**WHAT YOU SHOULD DO:**
Extract the lines beginning at the one that holds "Lane Bryant Blue Tie-Dye Criss-Cross Top" and ending at the final line of the material below, keeping them exact and leaving out all pictures.

**MATERIAL PROVIDED:**
+ + + +

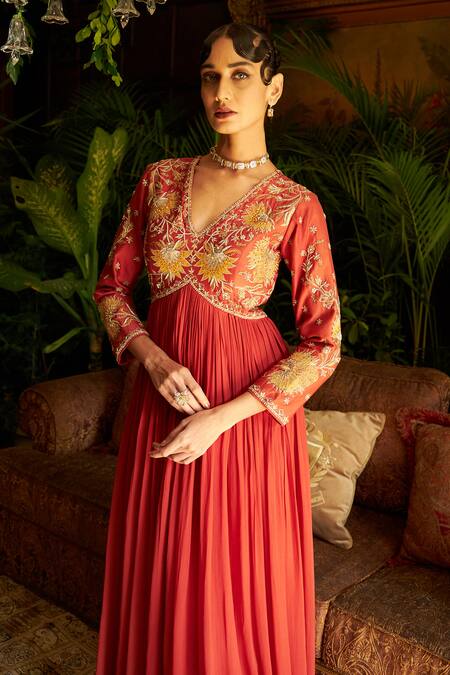 Shreeka Red Net, Chanderi, Georgette, Lycra, Tonal Embroidered Anarkali Churidar Set Online at Aza Fashions Shreeka_Red Net, Chanderi, Georgette, Lycra, Tonal Embroidered Anarkali Churidar Set _Online_at_Aza_Fashions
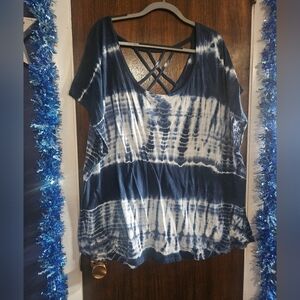 Lane Bryant Blue Tie-Dye Criss-Cross Top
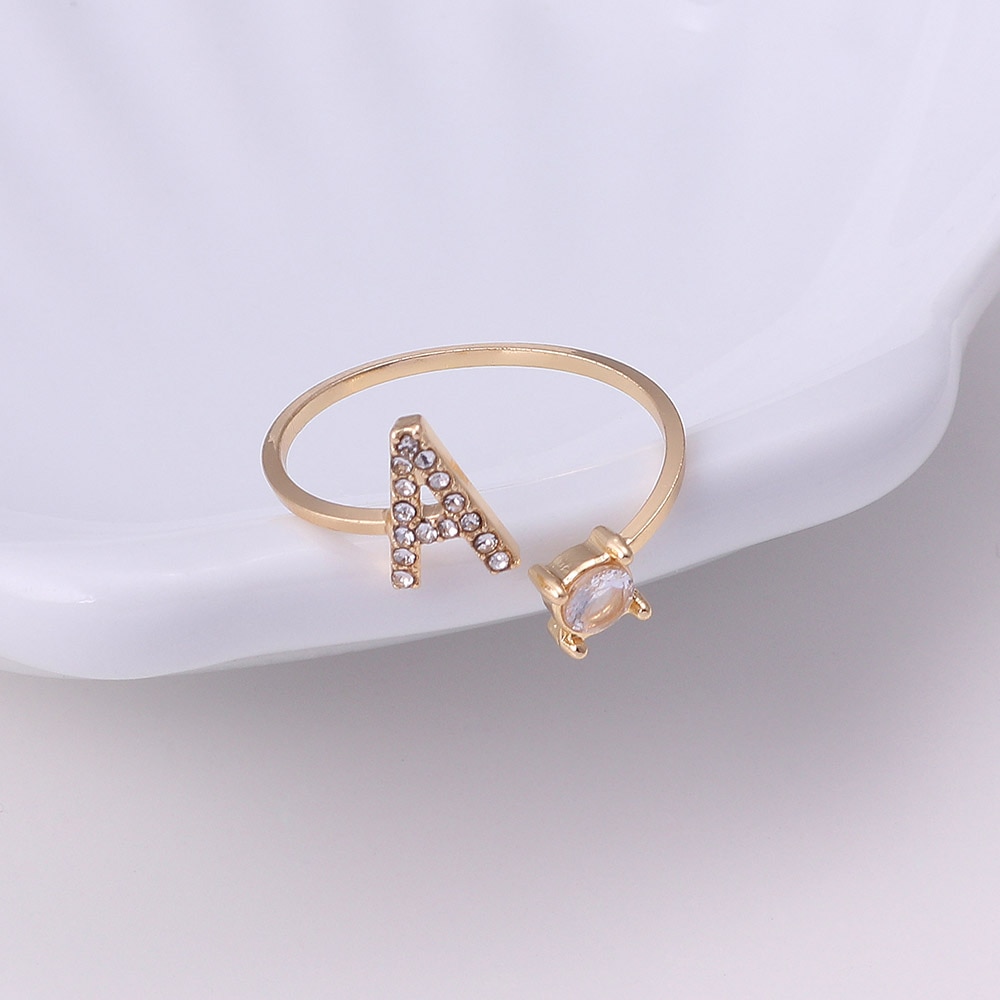 Adjustable Women's Letter Ring in Silver and Gold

+ + + +

**RESPONSE BOX:**
 Lane Bryant Blue Tie-Dye Criss-Cross Top
 Adjustable Women's Letter Ring in Silver and Gold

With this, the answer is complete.